Task statement: From the listing below, output the lines between the one with "500lbs Strong Wheelchair" and the one with "Huxley & Kent", including those two, and nothing else. Pictures are not copied.

Material to process:
--

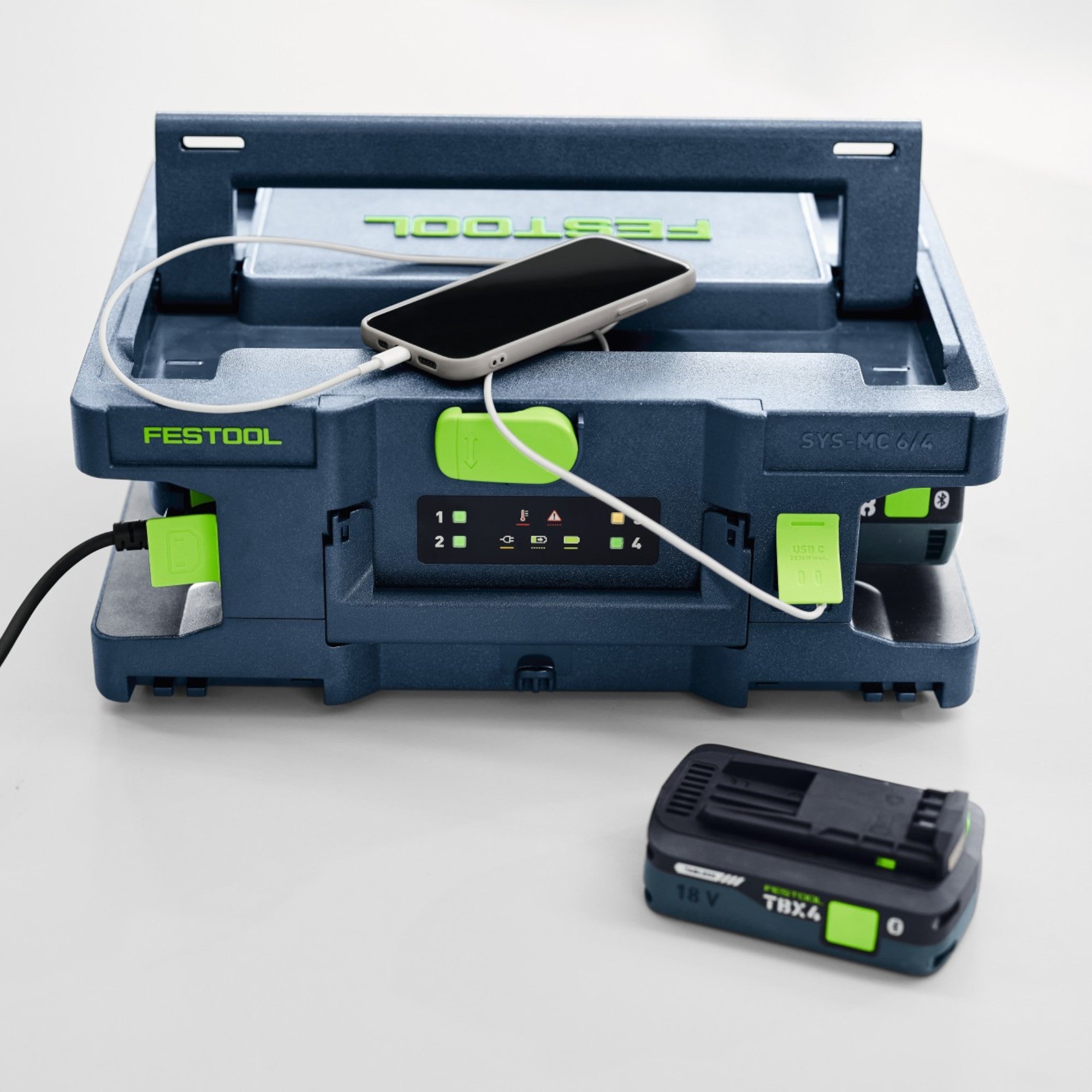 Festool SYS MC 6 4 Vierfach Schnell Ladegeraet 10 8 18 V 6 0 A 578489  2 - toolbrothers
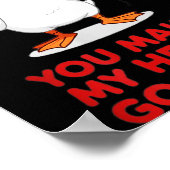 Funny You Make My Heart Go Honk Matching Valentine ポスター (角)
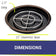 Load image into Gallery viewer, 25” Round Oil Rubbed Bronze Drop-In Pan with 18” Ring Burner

--

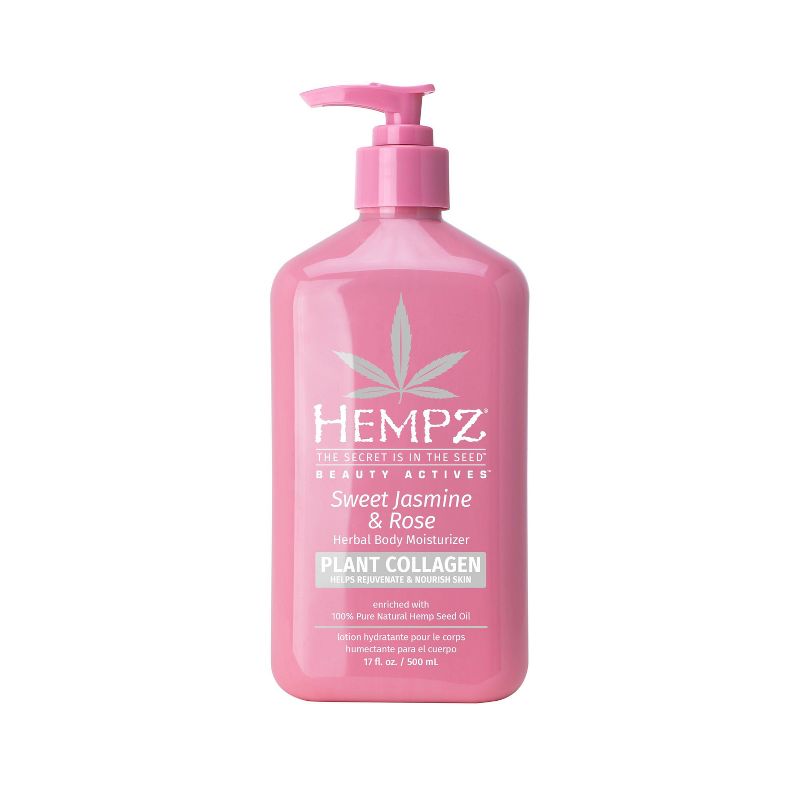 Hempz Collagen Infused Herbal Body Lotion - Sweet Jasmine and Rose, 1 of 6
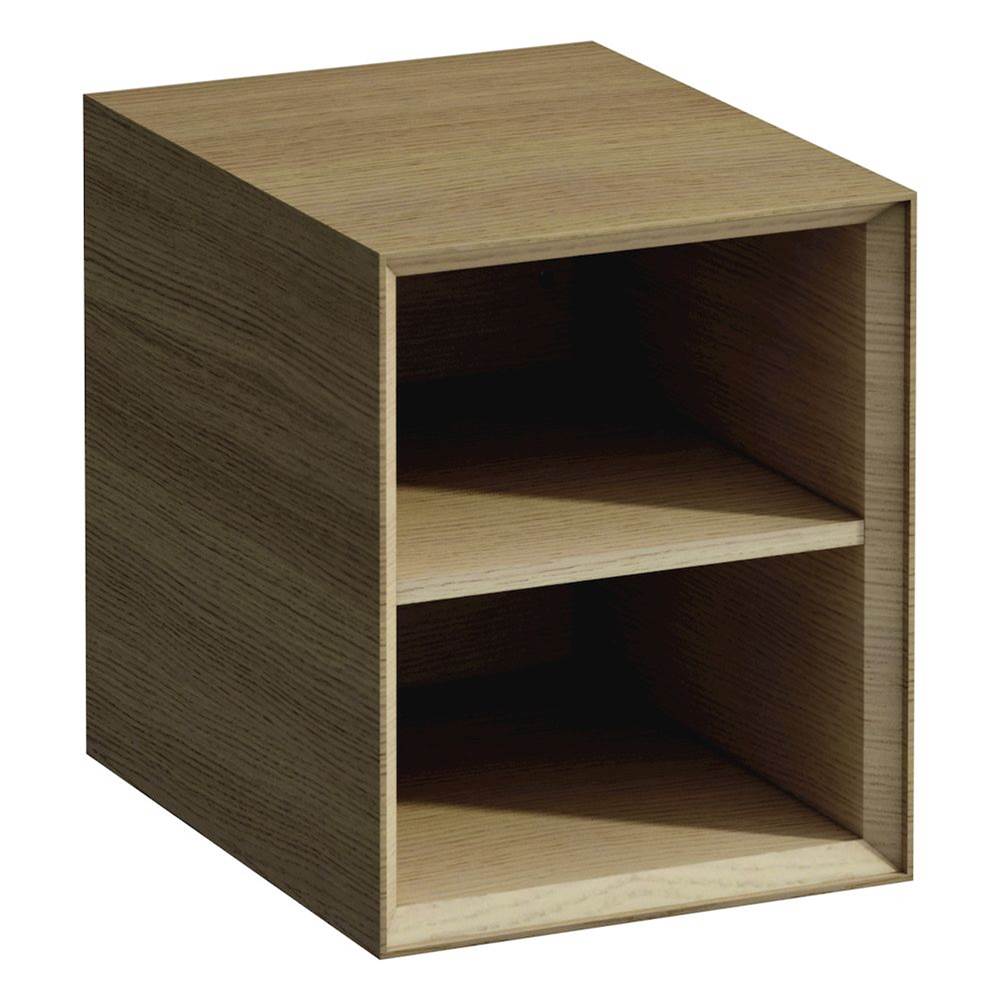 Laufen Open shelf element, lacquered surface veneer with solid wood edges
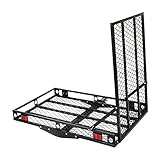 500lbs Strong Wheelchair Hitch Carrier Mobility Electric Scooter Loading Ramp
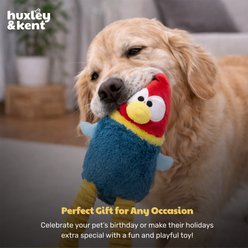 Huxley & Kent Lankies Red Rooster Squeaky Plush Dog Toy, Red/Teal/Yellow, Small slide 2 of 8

--

Answer to the problem:
 500lbs Strong Wheelchair Hitch Carrier Mobility Electric Scooter Loading Ramp
 Huxley & Kent Lankies Red Rooster Squeaky Plush Dog Toy, Red/Teal/Yellow, Small slide 2 of 8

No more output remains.